Chinook and chum salmon migrate up the Yukon River in two separate summer runs. To harvest fish from these runs, Indigenous people would move to fish camps in the late spring and early summer. Using stones to hammer in the posts, they built fish weirs that trapped the salmon, forcing them to swim along the length of the weir looking for a way through. Where the weir opened, fish baskets would capture the salmon. One of the most important historical fish trap locations for the Selkirk people (or Northern Tutchone) was on an island at Three Way Channel. Sometime in the late 19th century, the Yukon River shifted its course, leaving the site too dry for fishing.
These Indigenous communities had extensive trade networks that predated the arrival of Europeans in the late 18th century, when the Russian-American Company established trade posts in Alaska. The Hudson’s Bay Company arrived in the mid-19th century, establishing Fort Yukon at the junction of the Porcupine and Yukon rivers in 1847, and Fort Selkirk a year later at the junction of the Yukon and the Pelly. Shortly after the Alaska Commercial Company established Fort Reliance in 1874, they introduced steamboats onto the Yukon River.
In the mid-1880s, prospectors and miners arrived in the river’s watershed. Beginning in 1885, a series of gold strikes foreshadowed the 1896 find on Bonanza Creek, which in turn led to the Klondike Gold Rush. The gold rush transformed the Yukon and the river, greatly increasing steamboat traffic and the number of newcomers. Although the main mining operations were on tributaries of the Yukon River, Dawson City — the territory’s principal settlement — was at the confluence of the Klondike and the Yukon. Just south of Dawson City was Tr’ochëk, an ancient Tr'ondëk Hwëch'in fish camp. Miners purchased dwellings from the Tr'ondëk Hwëch'in at Tr’ochëk, and the sawmills and rafted logs that came with their settlements began to damage the salmon fishery. Under the leadership of Chief Isaac, the Tr'ondëk Hwëch'in moved to Moosehide, 5 km downstream.
Sternwheelers continued to operate, serving the smaller population that stayed on at Dawson City after the gold rush. When the Alaska Highway was completed in 1942 it reoriented the activity in the central Yukon away from the river.

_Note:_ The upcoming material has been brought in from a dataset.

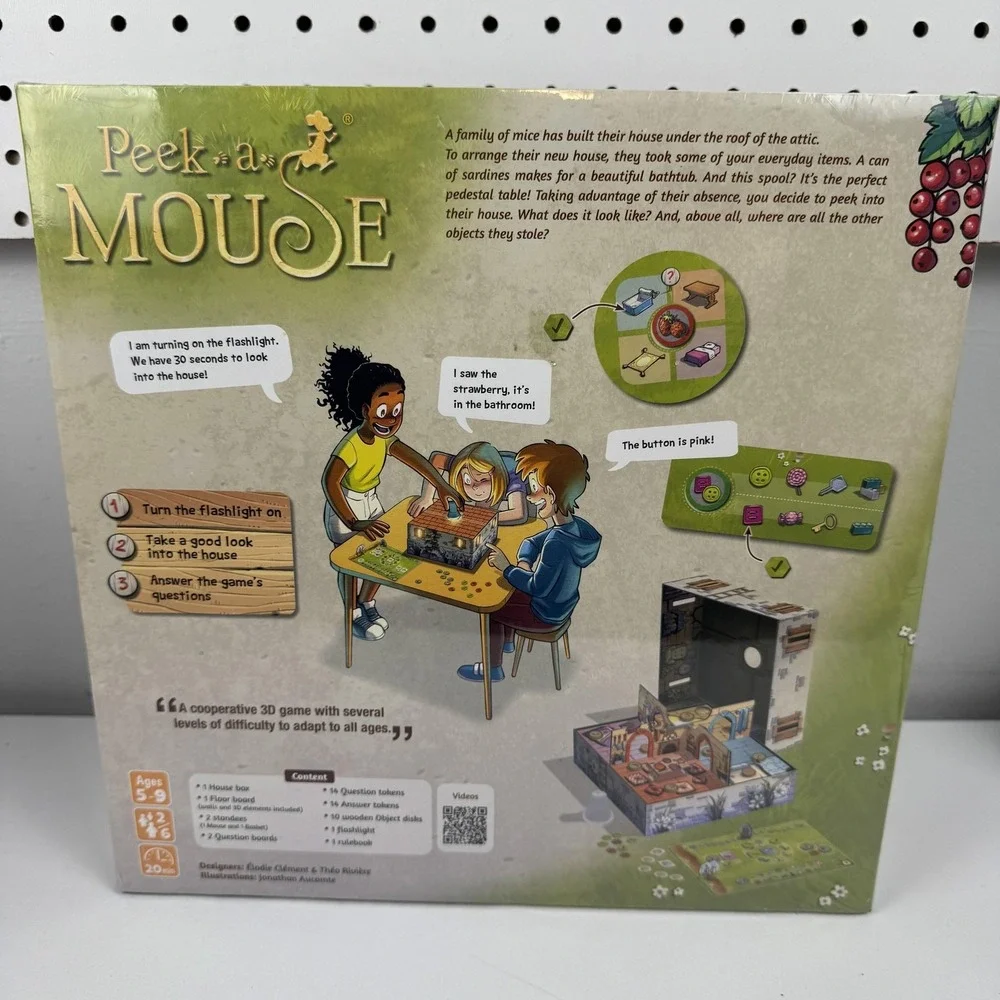 Gigamic Peek-a-Mouse Cooperative 3D Kids Board Game Ages‎ 5-9 France Animals New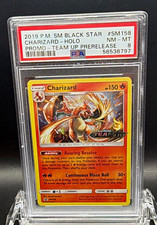 2019 Pokemon Charizard SM158 Team Up Prerelease Stamped Holo PSA 8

Whitehorse, situated on the Yukon River, became the capital of the territory in 1953, and shortly thereafter construction began on a hydroelectric dam at the White Horse Rapids (for which the community was named). The power plant opened in 1958 and continues to supply electricity to the city. A 366-metre-long wood and concrete fish ladder was constructed to help migrating salmon bypass the dam to get to their spawning beds.
The river remains central to Indigenous cultural landscapes in the Yukon and also serves as a popular tourist destination for those interested in wilderness canoe trips. Many visitors paddle down the river each year to the Dawson City Music Festival and the biannual Moosehide Gathering.
Since the late 20th century, climate change has caused river ice to break up earlier in the spring, sometimes aggravating natural hazards like ice-jam floods, which have historically caused damage in Dawson City. Each fall Whitehorse discharges its treated sewage into the Yukon River, where it joins waste waters from smaller communities such as Dawson. Elevated contaminant levels have been found in fish in Lake Laberge, notably lake trout, burbot and northern pike; however, these contaminants are thought to originate from distant sources.